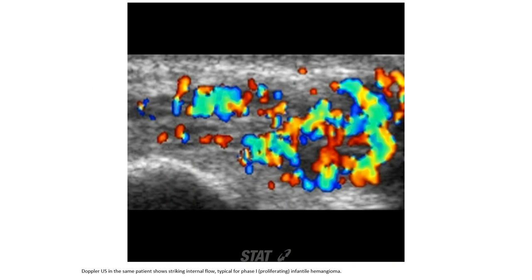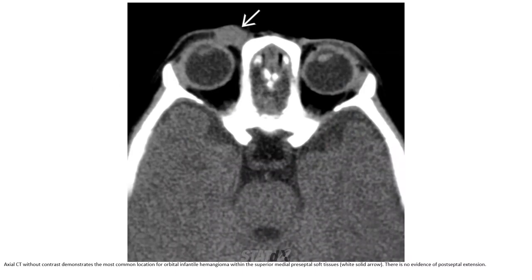Doppler ultrasound demonstrates striking internal flow. The most common location is the superior medial orbit, and there is no evidence of intracranial extension.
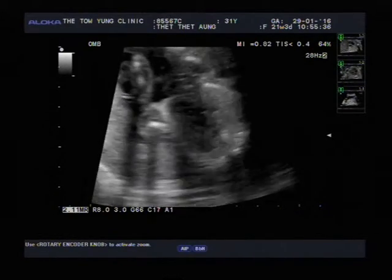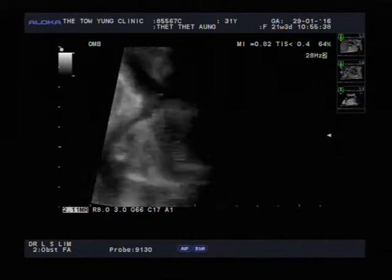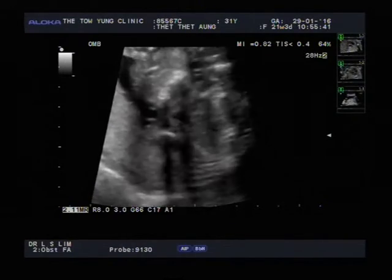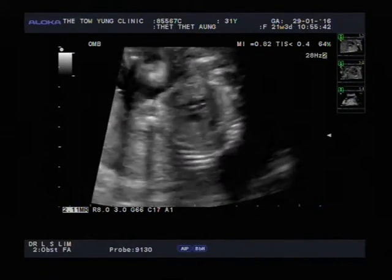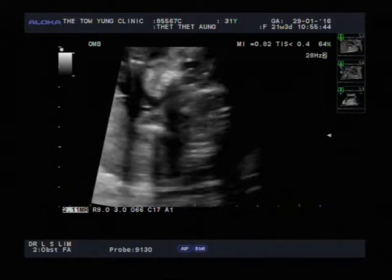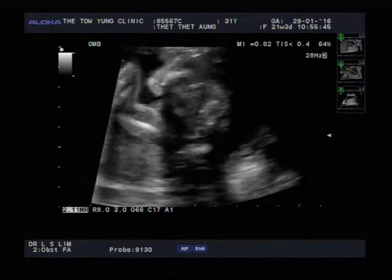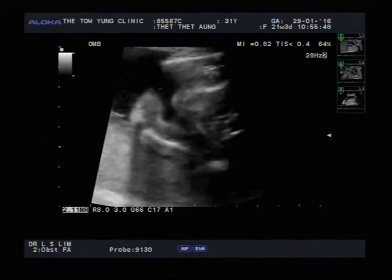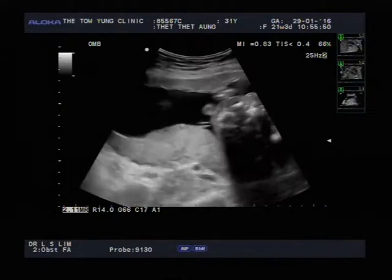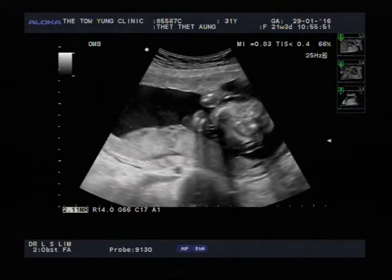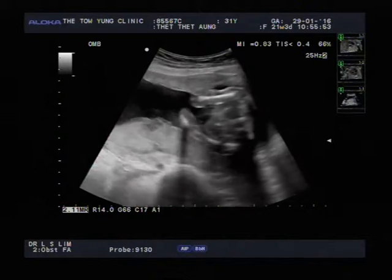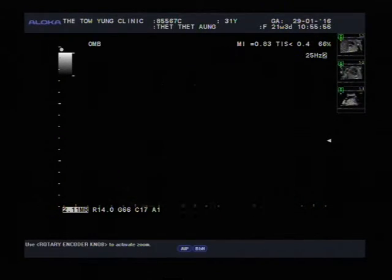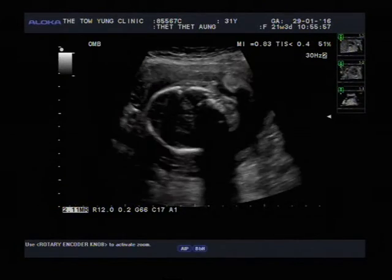The position of the baby has changed a little bit, so we're not getting such good views. I'm going to move on from here and come back to the heart later on. For the next view, we're going to look at the baby's face as well as the head and brain. I'm now looking at the baby's head and brain.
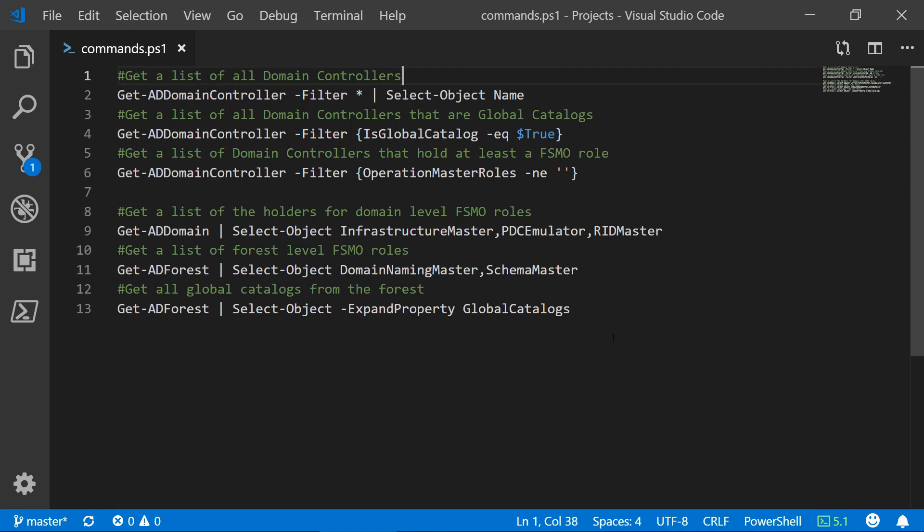Hello everyone, in this quick tip I will show you how to get a list of all your domain controllers, global catalogs, and FSMO role holders from your forest. All of this using PowerShell.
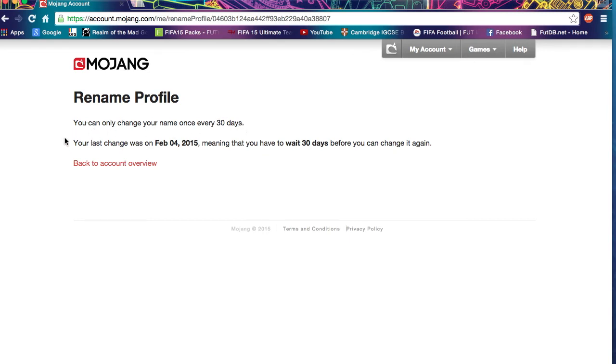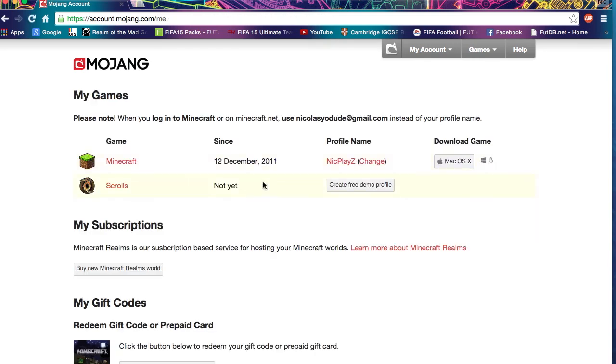It'll say you can only change your name once every 30 days. My last change was yesterday, so I have to wait 29 days to change it. But yeah, this is how you do it — really easy.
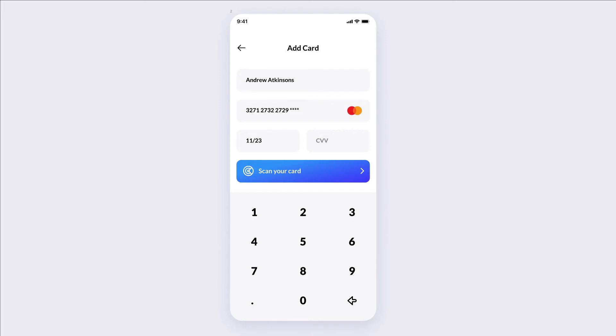Hey guys, Brigitte here. In this video we're going to create this iOS UI design in Figma.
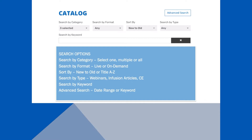Search by type: webinars, infusion articles, CEs. You can even select Advanced Search if you prefer to dig deeper in your search.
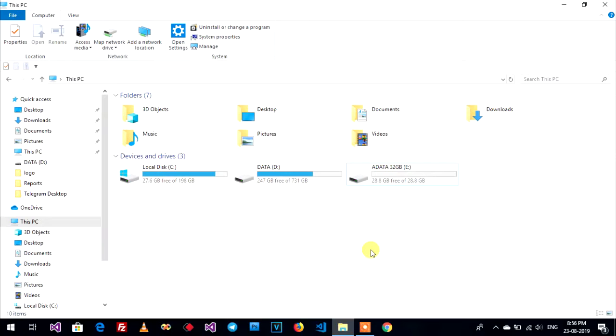Hello everyone. Welcome back to my eUncle channel. Today I will show you how to create multi-drive on your USB.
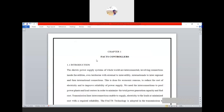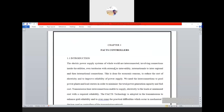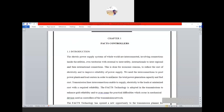In the first chapter we stated what FACTS devices are, where we use them, what is the need and purpose of FACTS. We covered what FACTS controllers are, what devices we use in FACTS, and where we use FACTS devices in transmission lines. We also covered why we use transmission lines and how they help for better quality and improvement of power.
.....
** YOUR INSTRUCTIONS **
An exact copy is needed of the entries above, starting at the line that holds "Hello everyone, in" and stopping at the line that holds "Hello everyone. Welcome", both kept; pictures stay out.

** RESPONSE AREA **
Hello everyone, in this quick tip I will show you how to get a list of all your domain controllers, global catalogs, and FSMO role holders from your forest. All of this using PowerShell.
It'll say you can only change your name once every 30 days. My last change was yesterday, so I have to wait 29 days to change it. But yeah, this is how you do it — really easy.
Hey guys, Brigitte here. In this video we're going to create this iOS UI design in Figma.
Search by type: webinars, infusion articles, CEs. You can even select Advanced Search if you prefer to dig deeper in your search.
Hello everyone. Welcome back to my eUncle channel. Today I will show you how to create multi-drive on your USB.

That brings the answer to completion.